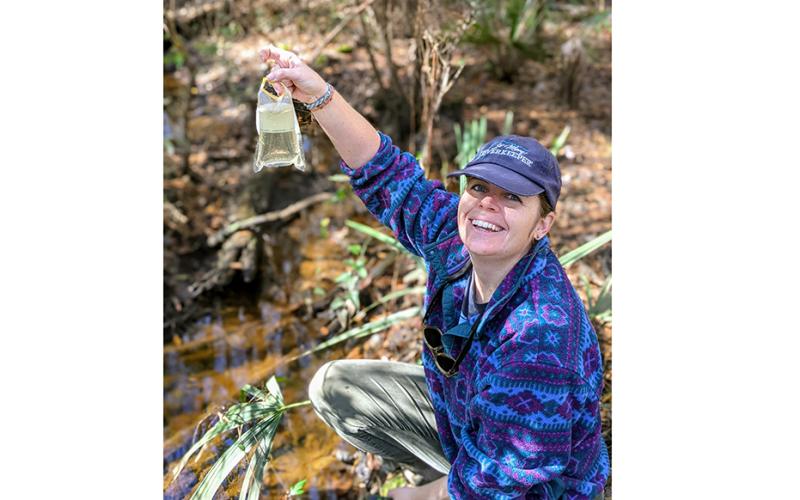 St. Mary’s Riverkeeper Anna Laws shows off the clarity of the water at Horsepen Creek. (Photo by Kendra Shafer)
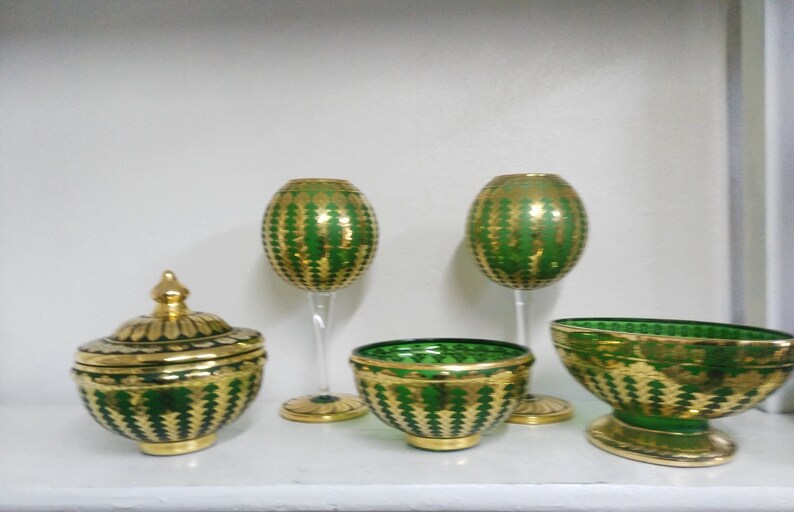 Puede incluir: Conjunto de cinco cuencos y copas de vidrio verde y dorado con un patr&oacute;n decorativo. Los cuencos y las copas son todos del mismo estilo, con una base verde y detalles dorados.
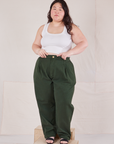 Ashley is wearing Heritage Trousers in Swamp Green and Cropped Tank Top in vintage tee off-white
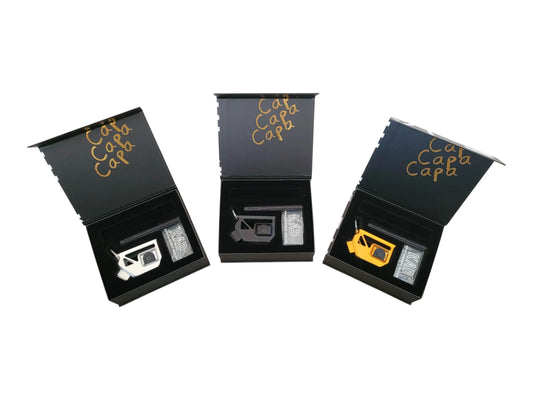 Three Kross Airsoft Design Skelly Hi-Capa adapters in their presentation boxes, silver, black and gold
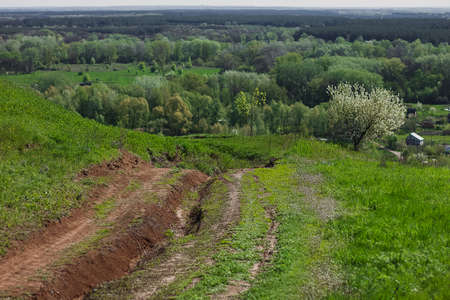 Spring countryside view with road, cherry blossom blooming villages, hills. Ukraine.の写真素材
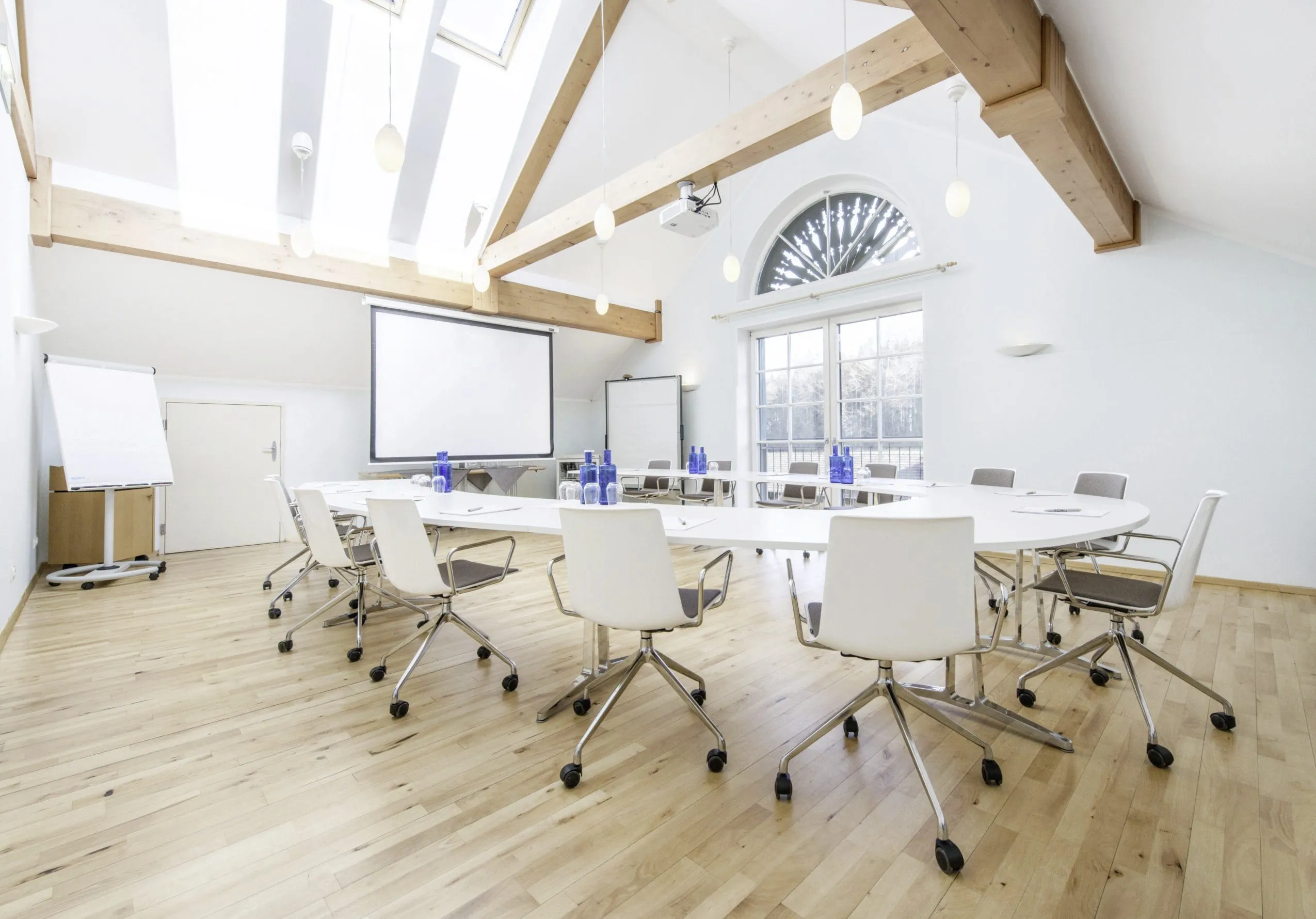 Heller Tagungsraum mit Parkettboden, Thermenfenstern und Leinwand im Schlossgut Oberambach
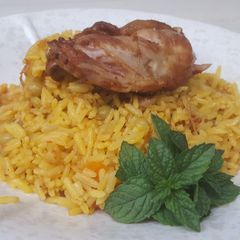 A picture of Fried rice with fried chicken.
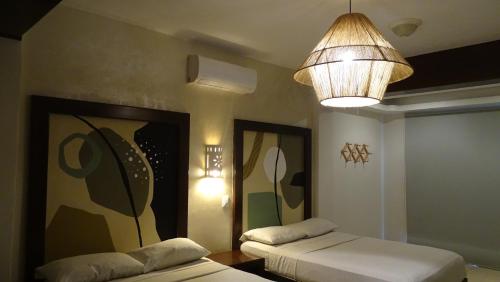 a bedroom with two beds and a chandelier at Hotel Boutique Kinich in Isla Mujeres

════════

Exercise prompt: The output must start at the line holding "Heller Tagungsraum mit", end at the last line of the listing above, and show each line exactly; please omit all pictures.

Exercise result:
 Heller Tagungsraum mit Parkettboden, Thermenfenstern und Leinwand im Schlossgut Oberambach
 A picture of Fried rice with fried chicken.
 a bedroom with two beds and a chandelier at Hotel Boutique Kinich in Isla Mujeres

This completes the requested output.